Let’s suppose you’re at a track—and I want you to close your eyes once in a while as you’re reading this, so you can get a full picture in your head. You have your leathers on, you’re in the right mental space, and you’re ready to go out and do great things on your bike. You can smell new tires, race fuel, and assorted garage smells as everyone puts their heads down and makes their last-minute preparations to get it right.
Then you ride out onto track, on a machine you know well. You’re starting to get into a groove when you first notice that there’s a brake issue—around lap three or four. You get yourself off the racing line, trying to get out of everyone’s way, as you raise your hand. It’s clear you’re having an issue, but no one on the outside can see what it is. Is it your engine? Maybe your clutch?

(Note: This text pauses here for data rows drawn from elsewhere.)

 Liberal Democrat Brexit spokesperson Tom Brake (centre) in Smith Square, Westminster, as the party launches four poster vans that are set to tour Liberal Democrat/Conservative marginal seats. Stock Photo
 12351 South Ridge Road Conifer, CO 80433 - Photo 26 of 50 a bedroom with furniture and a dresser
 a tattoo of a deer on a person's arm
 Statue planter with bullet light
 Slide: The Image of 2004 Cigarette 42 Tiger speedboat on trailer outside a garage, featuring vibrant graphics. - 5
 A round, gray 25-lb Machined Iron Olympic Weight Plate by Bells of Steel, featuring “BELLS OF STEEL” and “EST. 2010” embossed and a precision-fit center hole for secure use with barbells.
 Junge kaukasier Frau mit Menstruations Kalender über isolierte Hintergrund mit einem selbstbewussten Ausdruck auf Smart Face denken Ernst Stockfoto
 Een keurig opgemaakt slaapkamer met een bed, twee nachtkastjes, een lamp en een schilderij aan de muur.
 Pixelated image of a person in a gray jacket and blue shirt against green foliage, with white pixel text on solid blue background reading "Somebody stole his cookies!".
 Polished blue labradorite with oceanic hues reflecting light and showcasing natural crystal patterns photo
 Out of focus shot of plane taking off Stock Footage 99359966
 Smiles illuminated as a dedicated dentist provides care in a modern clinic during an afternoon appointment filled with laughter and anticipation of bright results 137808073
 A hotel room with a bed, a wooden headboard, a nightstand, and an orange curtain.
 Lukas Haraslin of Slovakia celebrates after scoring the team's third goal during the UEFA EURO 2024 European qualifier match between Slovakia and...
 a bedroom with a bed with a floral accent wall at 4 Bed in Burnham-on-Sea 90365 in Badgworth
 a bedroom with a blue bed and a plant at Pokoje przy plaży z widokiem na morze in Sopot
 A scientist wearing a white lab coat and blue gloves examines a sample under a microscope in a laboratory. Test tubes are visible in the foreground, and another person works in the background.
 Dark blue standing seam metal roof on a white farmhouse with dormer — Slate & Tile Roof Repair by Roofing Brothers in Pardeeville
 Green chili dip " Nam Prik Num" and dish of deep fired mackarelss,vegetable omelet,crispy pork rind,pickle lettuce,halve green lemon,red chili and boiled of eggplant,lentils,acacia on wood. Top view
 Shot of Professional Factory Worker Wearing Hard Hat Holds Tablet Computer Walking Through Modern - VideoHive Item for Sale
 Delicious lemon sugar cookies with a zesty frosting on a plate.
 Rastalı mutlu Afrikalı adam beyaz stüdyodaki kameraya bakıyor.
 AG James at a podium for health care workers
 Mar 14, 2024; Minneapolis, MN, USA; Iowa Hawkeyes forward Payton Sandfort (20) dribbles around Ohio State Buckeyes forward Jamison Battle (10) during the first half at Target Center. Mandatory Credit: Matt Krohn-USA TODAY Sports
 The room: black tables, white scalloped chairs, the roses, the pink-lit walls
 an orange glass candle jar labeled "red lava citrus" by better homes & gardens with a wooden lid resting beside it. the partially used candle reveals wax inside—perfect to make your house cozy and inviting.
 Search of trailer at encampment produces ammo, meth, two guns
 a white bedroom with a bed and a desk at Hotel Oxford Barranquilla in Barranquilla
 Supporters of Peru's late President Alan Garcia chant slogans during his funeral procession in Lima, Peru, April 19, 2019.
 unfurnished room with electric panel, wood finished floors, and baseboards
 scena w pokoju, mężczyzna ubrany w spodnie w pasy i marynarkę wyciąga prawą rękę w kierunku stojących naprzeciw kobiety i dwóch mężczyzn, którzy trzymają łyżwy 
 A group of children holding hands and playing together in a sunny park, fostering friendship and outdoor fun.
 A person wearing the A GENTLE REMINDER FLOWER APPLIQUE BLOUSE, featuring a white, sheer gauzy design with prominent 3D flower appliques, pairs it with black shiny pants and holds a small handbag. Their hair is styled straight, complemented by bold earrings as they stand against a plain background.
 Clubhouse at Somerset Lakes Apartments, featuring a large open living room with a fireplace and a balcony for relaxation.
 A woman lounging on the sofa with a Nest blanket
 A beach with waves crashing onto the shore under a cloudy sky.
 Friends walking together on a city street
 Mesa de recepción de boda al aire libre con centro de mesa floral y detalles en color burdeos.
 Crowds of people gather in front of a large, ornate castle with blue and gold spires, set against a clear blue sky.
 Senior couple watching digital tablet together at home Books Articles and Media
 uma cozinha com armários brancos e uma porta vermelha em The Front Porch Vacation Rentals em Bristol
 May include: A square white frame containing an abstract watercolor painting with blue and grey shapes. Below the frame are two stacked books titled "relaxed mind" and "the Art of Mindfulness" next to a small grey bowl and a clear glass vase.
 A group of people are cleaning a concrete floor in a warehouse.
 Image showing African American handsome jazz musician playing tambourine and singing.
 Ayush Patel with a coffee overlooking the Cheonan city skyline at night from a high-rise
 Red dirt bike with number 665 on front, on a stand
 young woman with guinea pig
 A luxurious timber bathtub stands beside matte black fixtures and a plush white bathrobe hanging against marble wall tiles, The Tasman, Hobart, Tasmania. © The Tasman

All that’s clear to everyone who isn’t you is that something is not right.
You manage to push through and keep going until lap 17—when suddenly, the brakes let go in a spectacular fashion. Suddenly, your bike is careening wildly toward the air fence, at speeds over 215 kilometers per hour—or around 134 miles per hour. You know you can’t stop, or even slow down at all. You make a split-second decision to trust that your race suit will save you. Then, you throw yourself off the bike at a speed that would be fine on your bike and in control, but is horrific because you have neither control nor a working bike underneath you.
You slide… and slide. Amazingly, the combination of events and all that adrenaline coursing through you makes it a simple matter to jump up immediately and shake your head in disgust when you’re done sliding. You can’t believe this is how your race ended, even though you’re glad you came out of it with only minor soreness.
Meanwhile, the bike you bailed out on hit the air fence at close to 200kph, then burst almost immediately into flames. Later, you’ll observe both how lucky you were to escape mostly unscathed—and luckier still that there were no riders in front of you to get hit by your out-of-control bike. The race was, of course, red-flagged immediately after this incident, and later restarted.
What do you do when you have zero brakes at a speed like that? There’s probably not much choice other than doing what MotoGP rider Maverick Viñales did at the 2020 Styrian Grand Prix, honestly. Debates and questions have arisen off-track since the incident, including fellow racer Alex Rins asking why Viñales didn’t go into the pits sooner when he first realized there was a problem. There’s also a question of whether there’s a broader problem at work here, since fellow Yamaha man Fabio Quartararo had his own set of braking issues at the last race—also in Austria.
In that moment, though—and as dramatic an exit as it was—could Viñales have realistically made any other call? Unlikely.